En lo que respecta al segundo y a diferencia del adscrito a la aurora, el "crepuscular" es quien más se hace oír en nuestro siglo. Un pensador, en el mejor de los casos -disco rayado en el peor-, nihilista, cataclísmico y capaz en su reiteración de tenernos con el alma en vilo antes de dejarnos exhaustos. Por lo demás, y con una ética menos perfilada que el anterior, Eos, sus ocasos acogen expectativas varias y a cual más sombría: la brújula se ha desnortado y eso no hay quien lo remedie, mediocridades e inepcias se han mundializado, el éxito económico representa hoy un valor ético-estético y cualquier expresión alternativa, incluso el arte, está agotada. El caso es que los crepusculares no andan, en mi humilde opinión, totalmente desencaminados, aunque no puedan presentarse, al igual que los Eos, como novedosos. Porque si los que dicen traernos la aurora beben de verdades con sólo una respuesta que a veces se antoja imposible, los otros parecen un remedo de la Generación del 98, aunque con un siglo y pico más a cuestas. ¿Hay alguien más? Y es que si la credibilidad del llamado intelectual, uno u otro, ha de sustentarse en alguna de las premisas citadas: objetividad fundada en el conocimiento, rigor e independencia, estoy por concluir que mucho de lo que oímos y leemos, incluidas estas líneas, debieran tomarse a título de pasatiempo. Aun concediendo la mejor intención a opinantes y tertulianos.

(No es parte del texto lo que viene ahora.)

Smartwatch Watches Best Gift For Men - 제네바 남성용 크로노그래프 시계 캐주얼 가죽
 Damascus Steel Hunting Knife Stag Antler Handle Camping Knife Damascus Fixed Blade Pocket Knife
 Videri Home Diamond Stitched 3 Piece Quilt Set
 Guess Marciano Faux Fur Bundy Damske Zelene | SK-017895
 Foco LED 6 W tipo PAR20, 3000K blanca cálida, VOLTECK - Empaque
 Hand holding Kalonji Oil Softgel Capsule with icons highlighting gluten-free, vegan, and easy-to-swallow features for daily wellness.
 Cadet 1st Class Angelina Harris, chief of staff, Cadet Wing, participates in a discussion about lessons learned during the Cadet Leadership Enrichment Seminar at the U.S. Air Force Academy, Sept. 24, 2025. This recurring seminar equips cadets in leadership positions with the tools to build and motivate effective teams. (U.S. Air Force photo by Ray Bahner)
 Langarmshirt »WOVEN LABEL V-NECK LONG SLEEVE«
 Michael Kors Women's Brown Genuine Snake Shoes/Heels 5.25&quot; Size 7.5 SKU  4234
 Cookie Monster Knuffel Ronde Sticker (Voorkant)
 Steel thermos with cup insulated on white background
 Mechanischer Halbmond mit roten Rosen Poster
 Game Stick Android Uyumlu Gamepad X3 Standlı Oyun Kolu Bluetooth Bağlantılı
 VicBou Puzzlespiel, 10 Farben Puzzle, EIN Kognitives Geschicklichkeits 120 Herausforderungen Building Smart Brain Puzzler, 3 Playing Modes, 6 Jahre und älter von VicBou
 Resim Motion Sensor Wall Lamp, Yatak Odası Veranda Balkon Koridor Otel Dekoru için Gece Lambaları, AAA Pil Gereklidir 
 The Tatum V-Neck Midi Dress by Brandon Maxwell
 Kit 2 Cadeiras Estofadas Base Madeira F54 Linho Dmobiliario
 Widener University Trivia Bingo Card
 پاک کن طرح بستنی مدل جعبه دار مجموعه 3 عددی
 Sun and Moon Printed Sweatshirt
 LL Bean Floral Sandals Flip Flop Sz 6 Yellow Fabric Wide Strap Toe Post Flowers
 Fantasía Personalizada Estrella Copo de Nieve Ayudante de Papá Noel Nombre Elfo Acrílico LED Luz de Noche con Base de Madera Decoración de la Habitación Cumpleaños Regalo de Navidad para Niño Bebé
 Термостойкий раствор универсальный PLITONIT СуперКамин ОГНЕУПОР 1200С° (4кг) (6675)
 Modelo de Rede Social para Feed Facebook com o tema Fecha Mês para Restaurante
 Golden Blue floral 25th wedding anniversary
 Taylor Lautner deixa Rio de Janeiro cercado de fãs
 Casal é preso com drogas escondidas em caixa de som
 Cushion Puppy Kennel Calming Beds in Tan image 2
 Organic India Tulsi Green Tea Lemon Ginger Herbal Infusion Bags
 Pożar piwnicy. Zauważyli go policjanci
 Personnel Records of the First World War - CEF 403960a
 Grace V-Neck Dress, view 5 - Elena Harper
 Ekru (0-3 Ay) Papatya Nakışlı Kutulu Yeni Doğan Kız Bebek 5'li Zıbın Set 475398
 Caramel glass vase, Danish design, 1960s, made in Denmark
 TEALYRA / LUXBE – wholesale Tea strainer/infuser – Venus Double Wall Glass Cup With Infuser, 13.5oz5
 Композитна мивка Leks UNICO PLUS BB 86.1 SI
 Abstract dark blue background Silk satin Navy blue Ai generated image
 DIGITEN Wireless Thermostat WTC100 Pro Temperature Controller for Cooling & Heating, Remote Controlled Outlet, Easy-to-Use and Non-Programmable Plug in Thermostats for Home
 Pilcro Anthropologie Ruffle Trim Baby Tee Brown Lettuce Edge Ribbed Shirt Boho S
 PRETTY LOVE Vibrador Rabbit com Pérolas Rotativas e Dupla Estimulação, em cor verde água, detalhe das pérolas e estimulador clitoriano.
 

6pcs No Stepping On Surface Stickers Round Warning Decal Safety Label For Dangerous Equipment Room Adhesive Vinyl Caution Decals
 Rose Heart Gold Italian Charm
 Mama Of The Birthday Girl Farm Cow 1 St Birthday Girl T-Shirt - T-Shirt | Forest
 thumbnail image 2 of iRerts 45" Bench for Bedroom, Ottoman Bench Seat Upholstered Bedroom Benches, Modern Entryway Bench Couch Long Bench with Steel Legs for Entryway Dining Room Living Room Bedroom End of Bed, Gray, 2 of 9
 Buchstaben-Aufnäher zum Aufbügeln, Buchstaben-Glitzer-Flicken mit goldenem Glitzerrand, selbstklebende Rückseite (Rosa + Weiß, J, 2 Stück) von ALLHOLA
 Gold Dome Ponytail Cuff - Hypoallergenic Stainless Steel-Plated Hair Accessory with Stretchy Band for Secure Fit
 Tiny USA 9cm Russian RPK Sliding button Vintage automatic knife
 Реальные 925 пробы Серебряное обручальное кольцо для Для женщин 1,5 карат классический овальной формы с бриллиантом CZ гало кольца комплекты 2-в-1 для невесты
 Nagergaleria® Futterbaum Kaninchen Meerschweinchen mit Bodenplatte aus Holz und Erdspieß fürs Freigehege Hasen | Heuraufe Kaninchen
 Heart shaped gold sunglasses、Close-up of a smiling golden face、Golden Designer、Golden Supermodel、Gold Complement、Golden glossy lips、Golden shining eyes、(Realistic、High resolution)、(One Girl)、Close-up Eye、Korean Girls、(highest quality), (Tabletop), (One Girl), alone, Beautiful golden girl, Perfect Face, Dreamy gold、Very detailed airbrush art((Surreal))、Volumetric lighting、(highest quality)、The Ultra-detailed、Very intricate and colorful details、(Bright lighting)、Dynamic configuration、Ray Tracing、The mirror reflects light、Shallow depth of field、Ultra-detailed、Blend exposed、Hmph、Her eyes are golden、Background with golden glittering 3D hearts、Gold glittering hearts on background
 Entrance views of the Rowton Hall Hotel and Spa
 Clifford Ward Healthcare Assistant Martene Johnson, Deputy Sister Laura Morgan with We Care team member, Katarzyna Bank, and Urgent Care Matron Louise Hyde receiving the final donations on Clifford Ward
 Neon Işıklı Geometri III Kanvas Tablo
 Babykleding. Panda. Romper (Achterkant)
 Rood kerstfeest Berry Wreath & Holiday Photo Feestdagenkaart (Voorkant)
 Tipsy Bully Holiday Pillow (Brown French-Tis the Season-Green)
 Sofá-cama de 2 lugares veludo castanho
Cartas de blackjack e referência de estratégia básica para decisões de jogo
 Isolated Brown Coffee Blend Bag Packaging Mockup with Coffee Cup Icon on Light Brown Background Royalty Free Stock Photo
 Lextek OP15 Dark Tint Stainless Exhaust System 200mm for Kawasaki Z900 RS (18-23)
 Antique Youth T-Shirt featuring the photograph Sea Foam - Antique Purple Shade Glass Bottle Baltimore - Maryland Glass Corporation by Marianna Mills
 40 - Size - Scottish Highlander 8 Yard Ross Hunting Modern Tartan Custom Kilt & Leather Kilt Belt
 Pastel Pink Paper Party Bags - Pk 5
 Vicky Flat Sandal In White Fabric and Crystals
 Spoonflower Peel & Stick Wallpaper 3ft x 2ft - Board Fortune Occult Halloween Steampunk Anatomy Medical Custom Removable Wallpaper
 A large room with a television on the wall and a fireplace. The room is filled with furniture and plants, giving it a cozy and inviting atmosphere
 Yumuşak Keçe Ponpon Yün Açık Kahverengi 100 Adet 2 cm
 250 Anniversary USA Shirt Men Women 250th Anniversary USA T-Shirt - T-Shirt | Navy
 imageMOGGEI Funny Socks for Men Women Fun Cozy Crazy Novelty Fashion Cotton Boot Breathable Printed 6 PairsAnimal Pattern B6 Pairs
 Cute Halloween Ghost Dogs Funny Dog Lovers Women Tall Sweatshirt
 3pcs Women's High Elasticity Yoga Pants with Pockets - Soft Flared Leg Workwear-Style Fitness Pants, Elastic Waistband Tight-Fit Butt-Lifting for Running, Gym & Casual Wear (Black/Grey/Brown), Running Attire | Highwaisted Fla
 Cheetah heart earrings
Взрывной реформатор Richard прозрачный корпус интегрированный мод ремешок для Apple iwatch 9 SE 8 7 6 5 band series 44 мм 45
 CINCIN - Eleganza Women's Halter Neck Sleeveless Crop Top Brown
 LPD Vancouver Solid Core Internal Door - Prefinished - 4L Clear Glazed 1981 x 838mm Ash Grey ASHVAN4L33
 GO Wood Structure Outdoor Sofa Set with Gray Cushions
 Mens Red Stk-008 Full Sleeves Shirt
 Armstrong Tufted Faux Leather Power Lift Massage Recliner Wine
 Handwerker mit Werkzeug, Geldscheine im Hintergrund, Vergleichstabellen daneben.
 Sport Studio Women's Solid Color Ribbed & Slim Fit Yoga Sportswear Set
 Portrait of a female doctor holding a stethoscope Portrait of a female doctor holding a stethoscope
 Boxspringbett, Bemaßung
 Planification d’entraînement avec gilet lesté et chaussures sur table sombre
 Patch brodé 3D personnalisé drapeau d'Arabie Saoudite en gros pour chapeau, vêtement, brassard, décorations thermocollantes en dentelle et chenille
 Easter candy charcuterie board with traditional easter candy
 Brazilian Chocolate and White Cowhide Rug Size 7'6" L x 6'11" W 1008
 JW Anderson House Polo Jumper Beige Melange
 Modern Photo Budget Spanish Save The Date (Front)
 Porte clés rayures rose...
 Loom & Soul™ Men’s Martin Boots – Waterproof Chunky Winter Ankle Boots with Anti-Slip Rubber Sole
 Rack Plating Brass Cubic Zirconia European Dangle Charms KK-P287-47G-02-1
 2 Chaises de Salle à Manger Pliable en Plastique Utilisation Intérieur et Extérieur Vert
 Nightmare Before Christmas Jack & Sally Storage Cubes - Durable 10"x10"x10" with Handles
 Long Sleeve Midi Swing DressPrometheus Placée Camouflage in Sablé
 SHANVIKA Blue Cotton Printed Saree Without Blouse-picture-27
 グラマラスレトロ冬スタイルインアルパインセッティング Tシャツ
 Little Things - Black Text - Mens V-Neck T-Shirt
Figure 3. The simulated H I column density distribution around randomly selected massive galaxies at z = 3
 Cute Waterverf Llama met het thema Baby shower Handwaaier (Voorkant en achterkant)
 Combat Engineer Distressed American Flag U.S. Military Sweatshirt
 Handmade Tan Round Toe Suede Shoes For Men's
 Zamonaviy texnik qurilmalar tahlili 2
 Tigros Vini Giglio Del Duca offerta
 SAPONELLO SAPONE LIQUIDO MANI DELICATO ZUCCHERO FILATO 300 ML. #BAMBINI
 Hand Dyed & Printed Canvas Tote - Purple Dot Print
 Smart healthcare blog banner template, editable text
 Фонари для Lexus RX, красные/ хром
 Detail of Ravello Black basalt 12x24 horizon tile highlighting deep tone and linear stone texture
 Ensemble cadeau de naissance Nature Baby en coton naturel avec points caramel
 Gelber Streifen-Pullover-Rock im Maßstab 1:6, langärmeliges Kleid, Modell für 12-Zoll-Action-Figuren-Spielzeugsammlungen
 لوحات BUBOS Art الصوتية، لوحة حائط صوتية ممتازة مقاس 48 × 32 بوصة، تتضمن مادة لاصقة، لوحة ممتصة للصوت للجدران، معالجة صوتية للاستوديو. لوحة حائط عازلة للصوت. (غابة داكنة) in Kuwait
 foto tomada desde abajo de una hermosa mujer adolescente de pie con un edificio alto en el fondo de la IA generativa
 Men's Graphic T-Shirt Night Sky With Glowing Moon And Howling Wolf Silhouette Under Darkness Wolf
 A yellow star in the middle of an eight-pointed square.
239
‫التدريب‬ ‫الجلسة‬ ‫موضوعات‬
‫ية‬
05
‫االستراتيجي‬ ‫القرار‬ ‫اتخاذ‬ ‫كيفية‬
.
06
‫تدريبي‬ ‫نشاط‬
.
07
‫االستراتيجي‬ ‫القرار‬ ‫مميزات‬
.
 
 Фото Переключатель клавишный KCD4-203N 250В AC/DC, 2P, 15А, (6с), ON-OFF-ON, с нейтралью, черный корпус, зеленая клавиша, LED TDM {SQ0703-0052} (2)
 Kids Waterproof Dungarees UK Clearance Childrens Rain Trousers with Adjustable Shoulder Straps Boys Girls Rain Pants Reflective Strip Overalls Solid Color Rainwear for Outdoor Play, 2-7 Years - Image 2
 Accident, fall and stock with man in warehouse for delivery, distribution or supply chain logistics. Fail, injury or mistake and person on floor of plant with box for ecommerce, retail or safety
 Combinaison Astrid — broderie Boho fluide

Precisamos de quienes demuestren acreditación para abrirnos la puerta a una nueva mirada, lo cual, más que función de ese intelectual genérico, podría serlo de especialistas. Con habilidad divulgadora si quieren, lo que no suele caracterizar a muchos filósofos. Ni a muchos científicos. En esa tesitura, quizá no fuera descabellado deducir que, seguramente, de lo que estamos necesitados en estas nuestras vigilias de sinsabores, es de información veraz. También de análisis expertos sobre la misma, claro está, pero por parte de equipos interdisciplinares que suplan mutuamente sus carencias y sesgos para ofrecernos una visión autorizada y sin autorías que apuntalen sus egos. Y ajena a elitismos, aunque ello contradiga a Ortega y su prevención frente a la democratización intelectual. Algo así como ONGs para la comprensión ciudadana, pero sin subvenciones públicas que las maniaten. No parece empresa fácil y, mientras se encarnan, seguiremos oyendo que la austeridad a ultranza es la única salida, aunque de suprimirse los dineros negros, contaríamos con dos. Lo que falta precisar es hacia dónde las salidas, así que una tercera vía, ¡pero ya! Con pies y cabeza. O cabezas, mejor: otras que las que hemos padecido hasta aquí. Y amuebladas; no de voluntarioso aprendiz.